Delete or Drop Duplicate Observations in Stata

This article will discuss how to duplicate observations can be deleted or dropped using Stata. The duplicate observation or values are the identical observation that is repeated two or more two times in a variable. These duplicate observations or values sometimes create an issue, especially when using a panel dataset.

The data used in this article is panel data. Panel data can be explained as data that is both cross-sections as well a time series. Another name of the panel data is longitudinal data. This dataset has three variables named years (timevar), symbol_code (panelvar), and leverage. The data is of different firms, which are represented through a specific code (symbol_code). Along with it, the leverage value of each firm is provided for two years.

Before analyzing Stata on the panel dataset, it is a must to tell Stata that the data we are using is the panel. Therefore, to tell Stata about the panel data, the below xtset command will be used.

Download Example File

xtset panelvar timevar xtset symbol_code year

After running the command, an error will appear, as seen below image.

This error indicates that the dataset used includes duplicate values.

Reporting duplicate values.

First, it is a must to report the duplicate observation, and to do so below command will be run.

duplicates report

After running the above command, below table will appear:

The above results show that 30 observations have 1 copy while 4 observations have 2 copies.

To determine how many repeating observations of symbol_code exist within the dataset, the below command will be run.

duplicates report symbol_code

After running the above command, the below results will be obtained.

According to the above results, 22 observations appear twice and 12 observations that appear thrice.

The above command uses for the cross-section data. However, in the case of panel data using the same command is wrong as it is a must to add a year variable along with symbol_code too. Therefore, to overcome that the below command will be run.

duplicates report symbol_code year

After running the above command, the below results will be obtained.

After running the above command, the above results will be obtained. According to these results, 26 observations are unique but 8 observations in cross-section and time data that are duplicates.

Listing the duplicate observations

Now to determine which observations are duplicates, the below command will be run:

duplicates list symbol_code year

After running the above command, the below results will be obtained:

This table shows that 8 observations are repeating in the dataset.

Because the data is a panel, therefore, year variable has been used, too, along with symbol_code. However, in the case of cross-section data, the below command will be used:

duplicates list symbol_code

Dropping Duplicate Observations

We will run the below command to delete the duplicate observation.

duplicate drop

Running the above command, 2 observations will be deleted successfully that was duplicated. But still, the problem exists. The data include 4 duplicate observations, and only 2 observations are deleted. There are still 2 duplicate observations within the dataset; The reason is that cross-section and time series variables were not specified. So, the below command will be used to get rid of the duplicate value across the symbol_code and year.

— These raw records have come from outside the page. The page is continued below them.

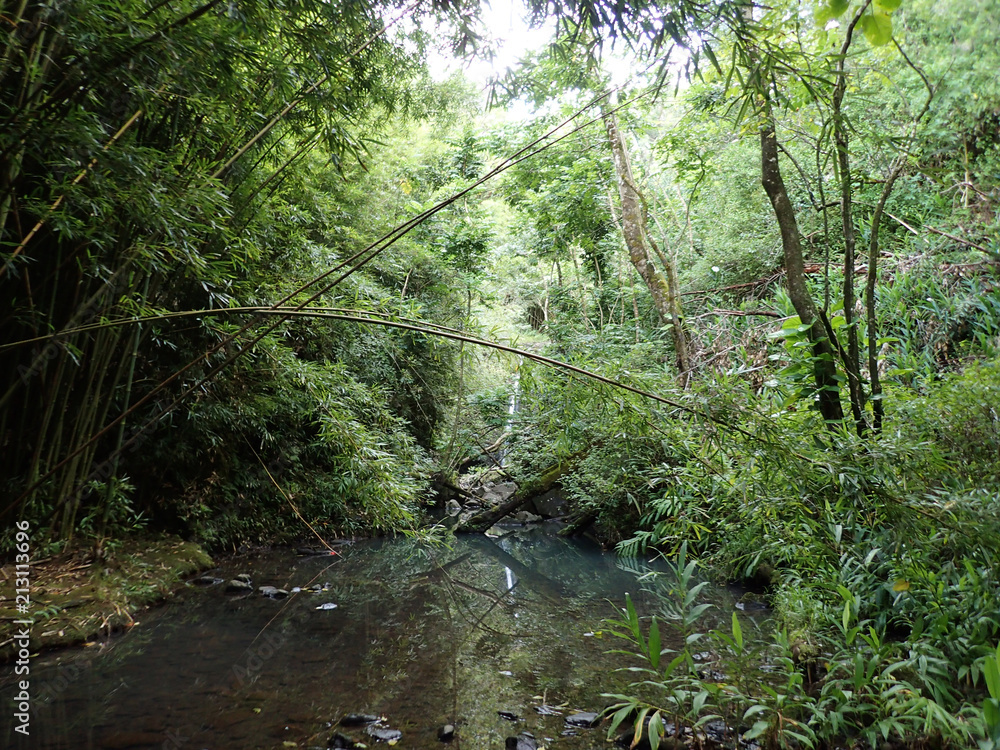 Stream surrounded by bamboo and boulder rocks runs through lush green forest Stream surrounded by bamboo and boulder rocks runs through lush green forest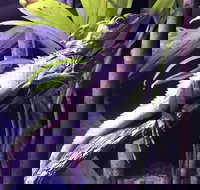 Cairns Aquarium Admission Ticket - Surfers Paradise Gold Coast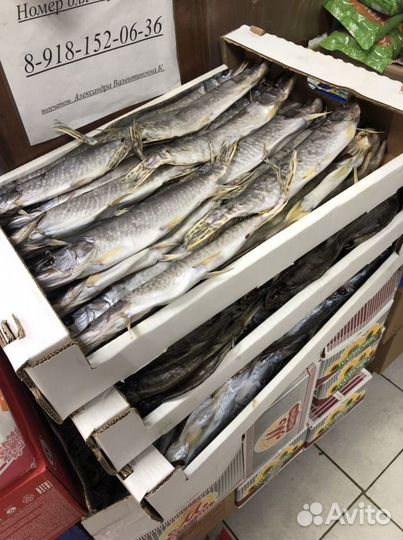 Живые Раки Мелкий Опт от 15 кг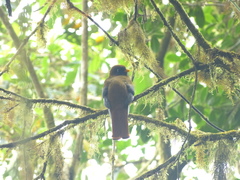 Trogon personatus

duplicates drop symbol_code year, force

It is a must to provide the force option after the comma when specifying the variables within the command. Otherwise, it will give an error.

By running the above command, the rest of the 2 duplicate observations will also be deleted from the dataset.

Dropping Duplicates for a specific group

For instance, it is required to drop the duplicates of symbol_code 10248. In that case, the below command.

duplicates drop if symbol_code== 10248

First, we will write duplicate command then drop the command, and after that if the symbol_code will be specified as above.

The data before running the command looked like shown below:

After running the command, the data will look like this. The duplicate observation of symbol_code was removed.

Tagging Duplicate Observations

Instead of dropping the duplicate, it is required to tag the duplicate observation. In that case, the tag command will be used after the duplicate command and then generate the new variable that will be named dup. Any name can be given in place of dup.

duplicates tag,generate(dup)

After running, this command the new variable will be generated named dup. This variable contains binary observation. 1 will represent the duplicate observation and 0 otherwise. However, the above command has an error, it does not specify duplicate observations across symbol_code and years. Therefore, to overcome that below command will be used.

duplicates tag symbol_code year, generate(dup2)

Now, it is required to remove the duplicate observation under a specific condition. For instance, instead of assigning 1 value to the duplicate observations and 0 otherwise, we want to assign 1 value to the duplicate value that occurred first and 2 to the second occurrence of the duplicate observation. To do that, the data will be sorted first using the below command.

sort symbol_code year leverage

Now, the new variable will be generated using the below command.

by symbol_code year:  gen dup5 = cond(_N==1,0,_n)

After running the above command, the new variable will be generated.

It can be noticed that 1 value is assigned to the first occurrence and 2 to the second occurrence. In this way, the duplicate value can be removed under that condition if dup5 ==1. It has known already that data is sorted the first occurrence is the lowest value of duplicate observation and the second occurrence is the highest value of duplicate observation.

The below path can also be used to report or list the duplicate observation:

Data > Data Utilities > Report and List Duplicate Observation

The duplicates can be removed below path:

Data > Data Utilities > Drop Duplicate Observation

Similarly, they can be tagged as well using the below path:

Data > Data Utilities > Tag Duplicate Observation